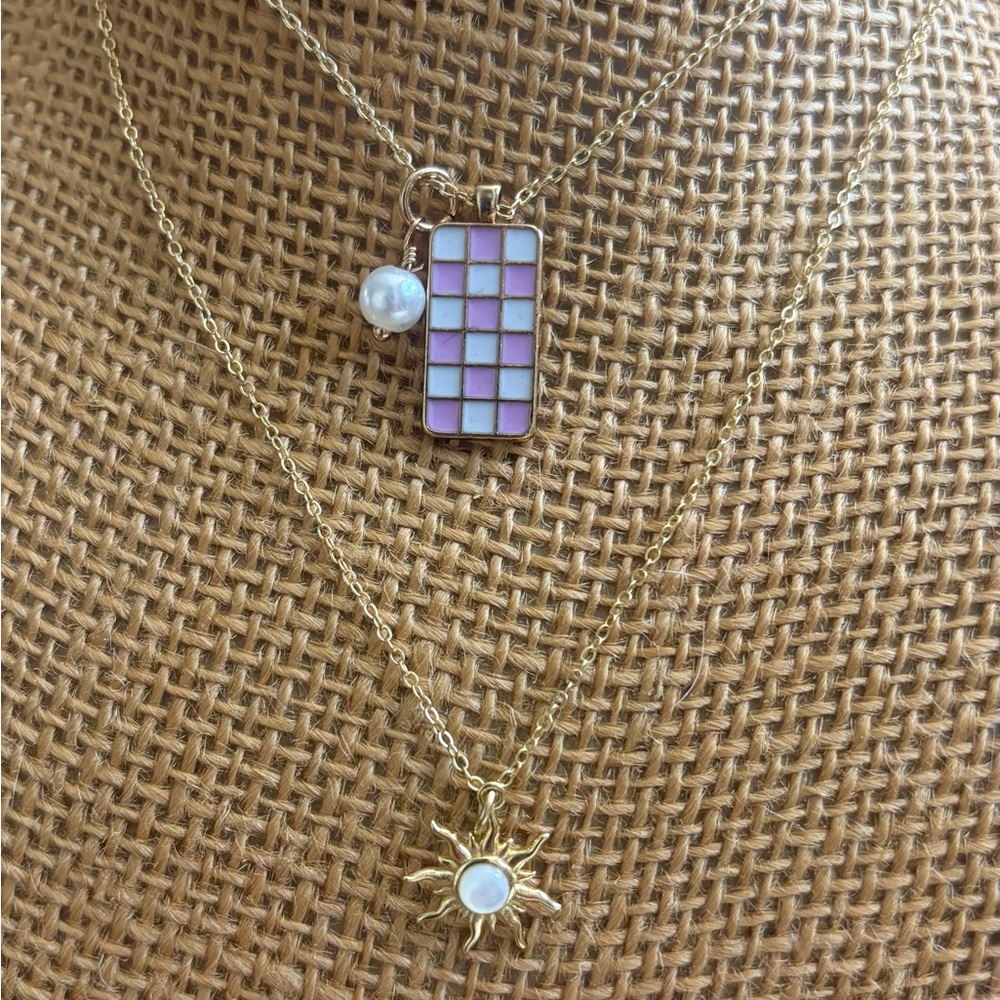 Elegant Gold and Pink Checkered Necklace
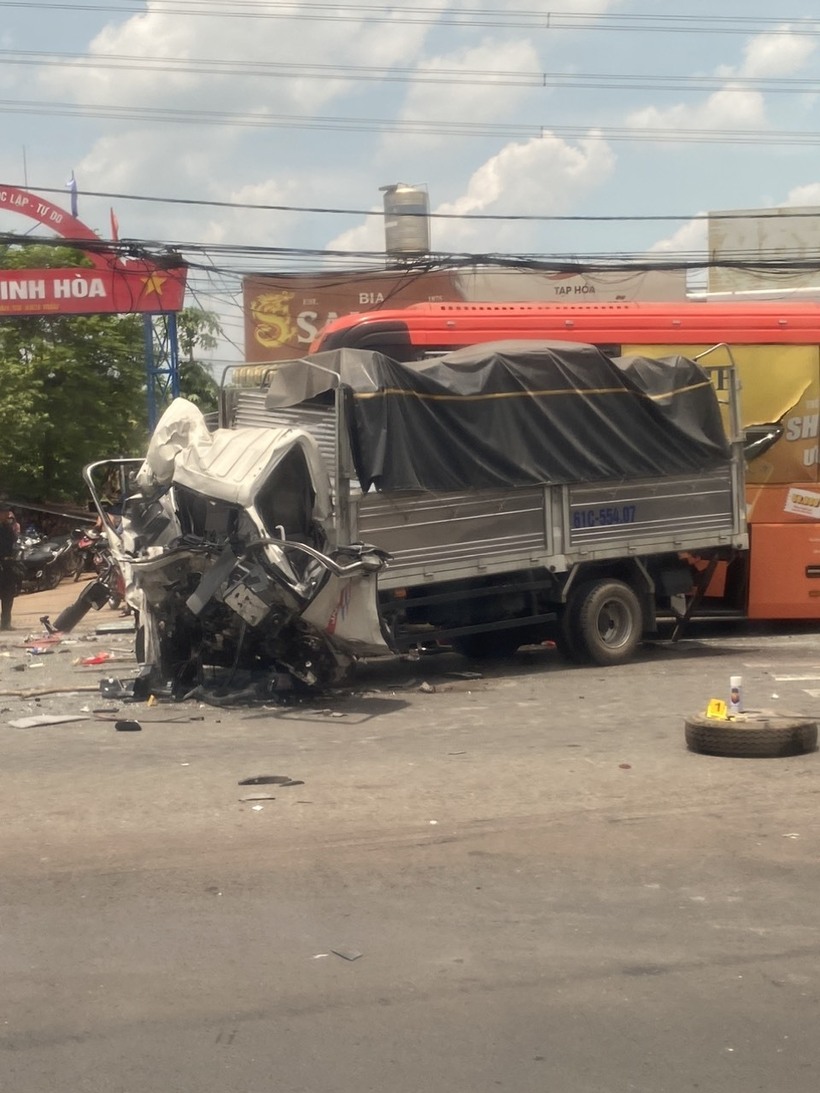 Thông tin ban đầu cho biết khoảng 10 người bị thương, trong đó, 2 người trên xe tải và một số người trên xe khách bị thương nặng.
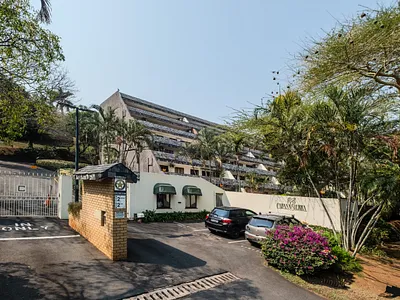 3 Bedroom Apartment For Sale in Durban North - oDkW.webp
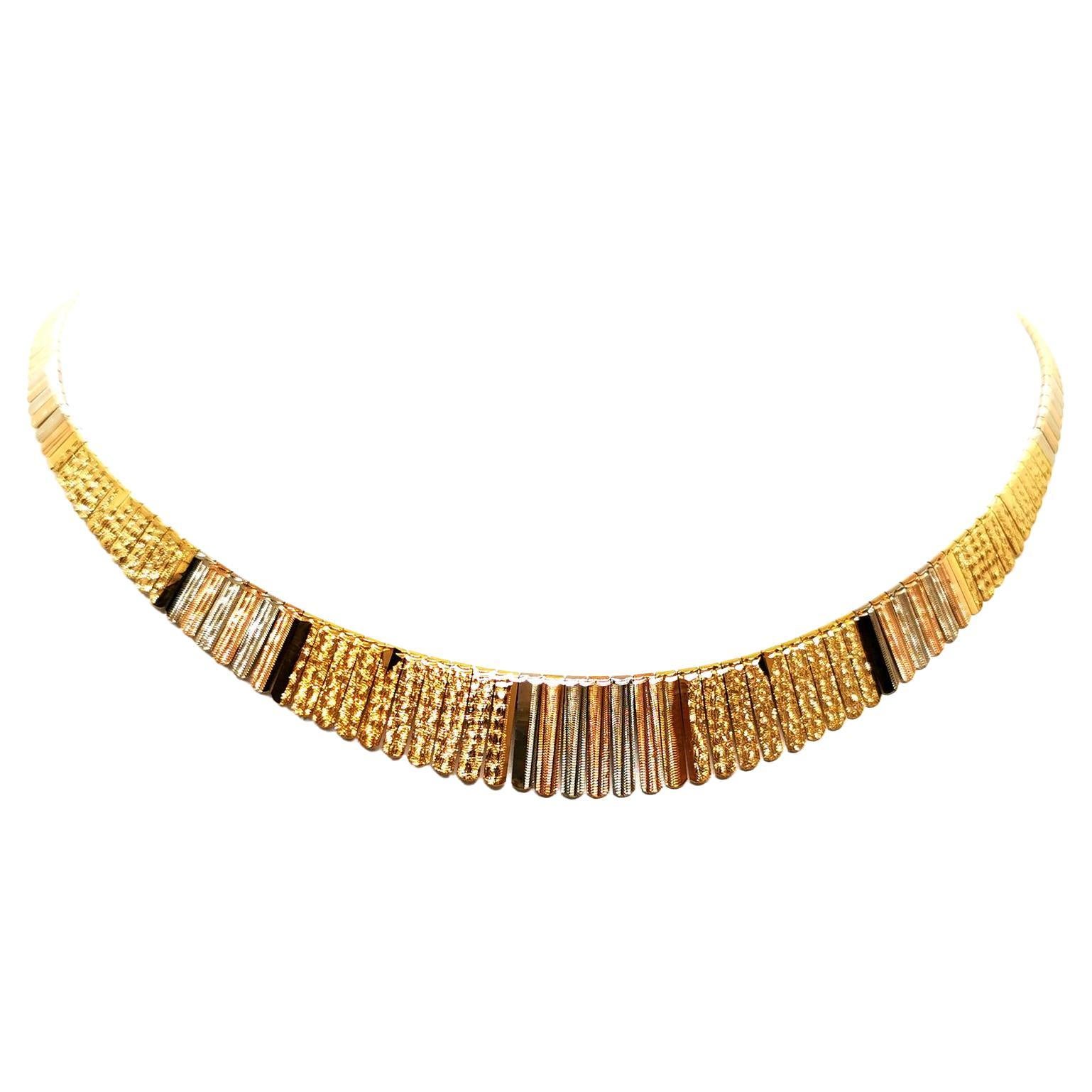 Chain Necklace Yellow Gold For Sale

══════

__Work instructions__
Type the listing out again word for word, passing over each picture.

__Result__
 Elegant Gold and Pink Checkered Necklace
 Thông tin ban đầu cho biết khoảng 10 người bị thương, trong đó, 2 người trên xe tải và một số người trên xe khách bị thương nặng.
 3 Bedroom Apartment For Sale in Durban North - oDkW.webp
 Chain Necklace Yellow Gold For Sale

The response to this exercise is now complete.